Exposure times of 40, 60, and 120 min were tested independently to choose between these 3 alternatives a suitable time duration to expose larvae of VIENNA 8 strain to D. longicaudata for achieving the greatest parasitoid yield with the highest proportion of female. Late third-instars of VIENNA 8 strain (7 d-old) were used for exposure to the parasitoid. To keep larval weight constant, only male larvae coming from the first batch that dropped out of the larvae rearing tray were collected for assays. In addition, these larvae were not irradiated. Tests were carried out by first placing a group of host larvae into an oviposition device without artificial rearing medium (referred to as “naked” host larvae in the text).

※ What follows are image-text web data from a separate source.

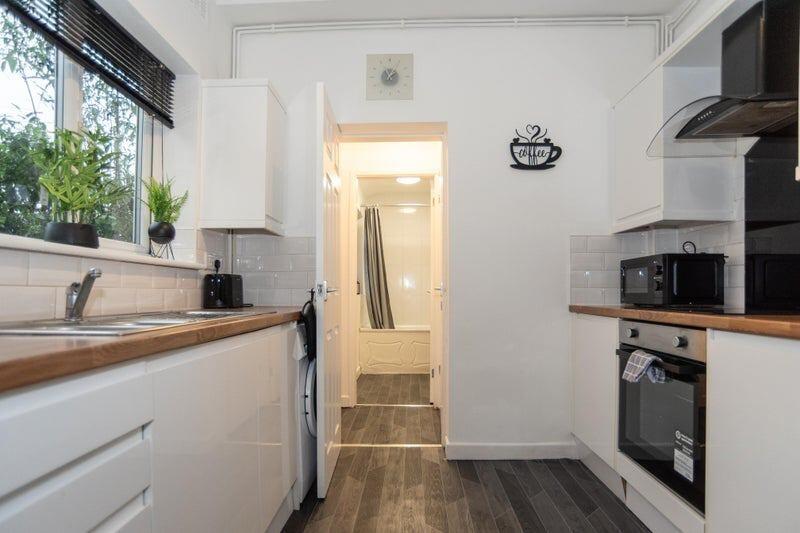 Bright and modern kitchen with sleek white cabi...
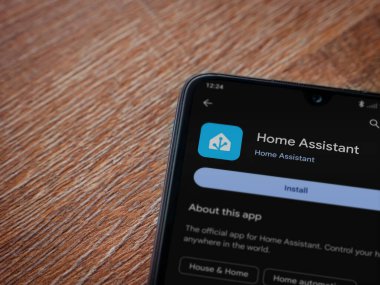 Lod, Israel - July 16,2023: Home Assistant app play store page on smartphone on wooden background. Top view flat lay with copy space.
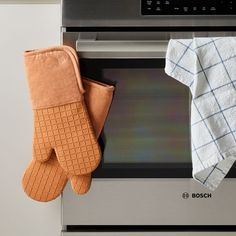 two oven mitts are hanging on an oven door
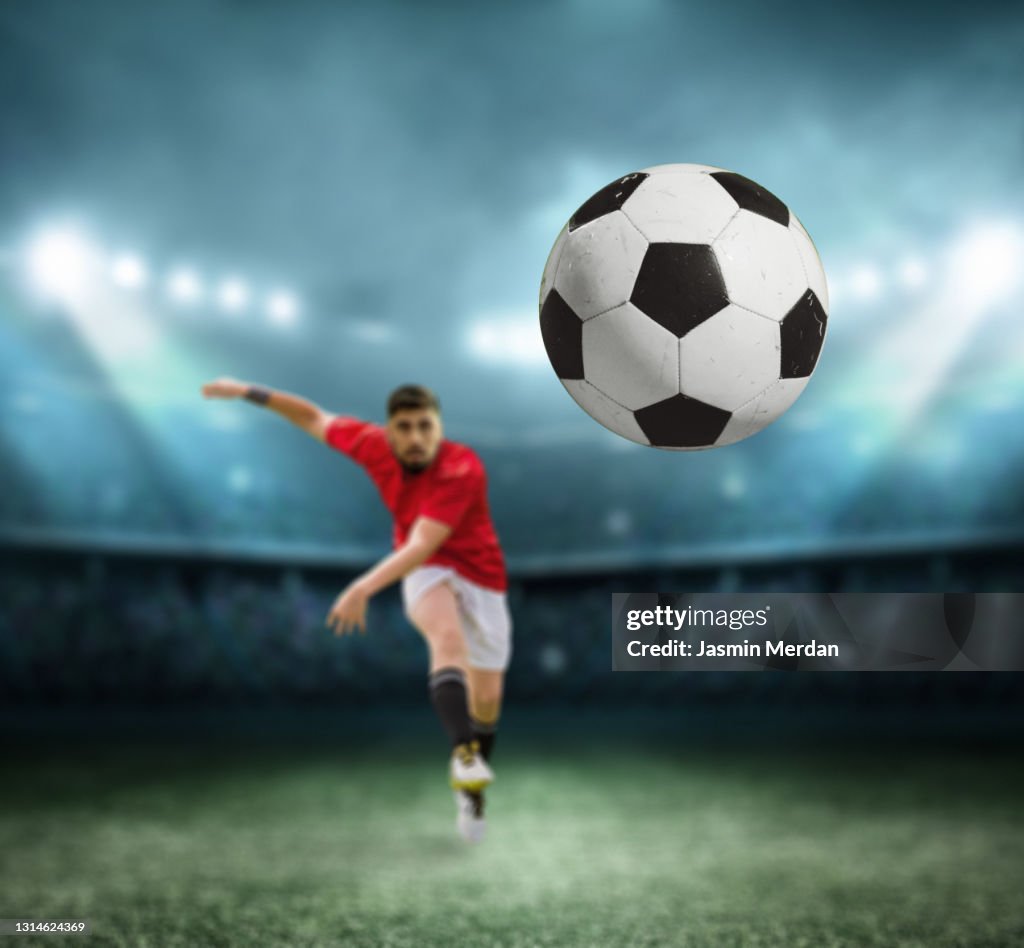 Soccer player kicking the ball at night stadium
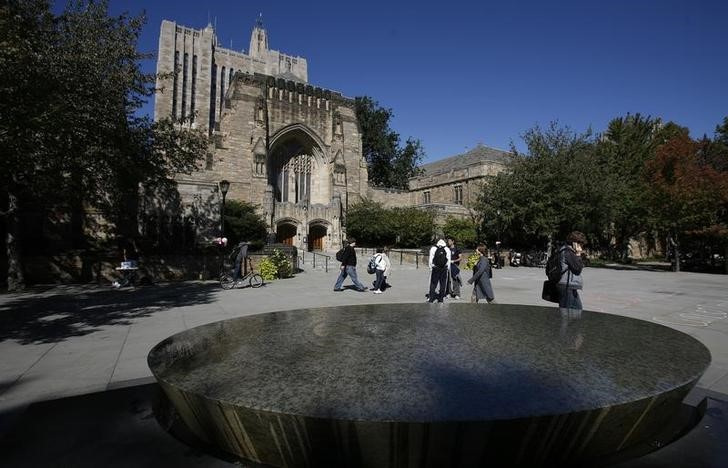 Students walk on the campus of Yale University in New Haven, Connecticut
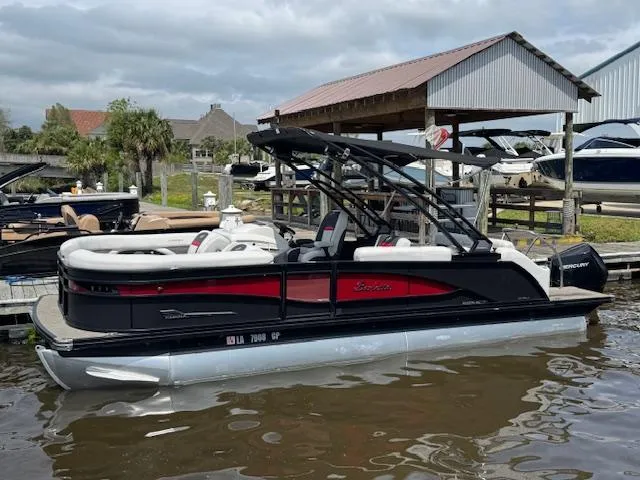 Slide: The Image of 2023 Barletta CORSA 23 UA pontoon boat docked at marina. - 2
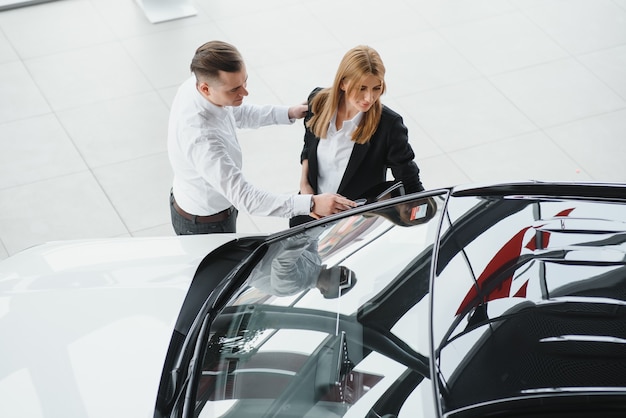 Joven hermosa pareja feliz comprando un coche. Marido comprando un coche para su esposa en un salón. Concepto de compra de coches.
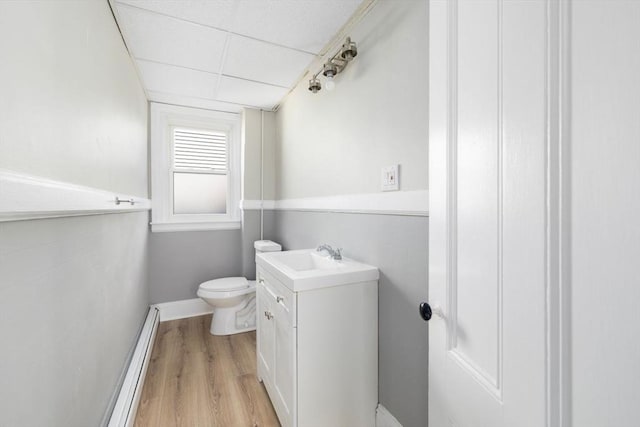 bathroom with baseboards, toilet, wood finished floors, baseboard heating, and vanity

This oviposition unit was positioned on the top screen of an experimental cage (0.5 x 0.5 x 0.6 m). Concurrently, another group of host larvae provided with 50 cm³ wheat-based medium (referred to as “covered” host larvae in the text) was placed into an oviposition device on the top screen of another experimental cage. Each oviposition unit was composed of an organdy screen-covered dish (10 cm diameter and 1 cm deep). One hundred of either naked or covered host larvae per oviposition unit were exposed to 25 female parasitoids in each test. This host/parasitoid ratio was based on previous assays for optimizingD. longicaudata mass rearing on A. ludens at the Moscafrut facility (Metapa de Dominguez, Chiapas, Mexico) (Montoya et al. 2000). Parasitoid females used in the tests were 5 d-old, mated, and had no prior oviposition experience as recommended by Montoya et al. (2000). Parasitoids were released on the floor in the central part of the test cage. The cages were positioned at random on a table and kept under the above-mentioned laboratory conditions. After exposure to the parasitoids, oviposition units were removed from the cages. Host larvae were then placed in emergence cups (0.7 m diam, 0.8 m deep) with meshscreen covers and containing wheat bran as the pupation medium on the bottom. The cups were kept under the above mentioned laboratory conditions until the emergence of adult parasitoids.

A second set of treatments following the same method above described was conducted using late third-instars of the C. capitata wild-type strain. These experiments were carried out to assess the quality of the larvae of VIENNA 8 strain in producing D. longicaudata adults by comparing with the larvae of wild-type strain.

The number of emerged male and female parasitoids, and the number of noneclosed puparia was recorded daily. Each treatment was replicated 14 times with fresh parasitoids and host larvae. Before starting assays in each replicate, the quality of batches of both strains of host larvae used in the assays was evaluated. For this, a subsample of 10 larvae of both C. capitata strains was taken out from each sowing tray and weighed for host quality evaluation. Also, unexposed oviposition units containing either naked or covered larvae of both medfly strains were kept individually to determine the percentages of host mortality. Moreover, all host larvae batches with adult fly emergence percentages below 80% were discarded and were not considered for this study.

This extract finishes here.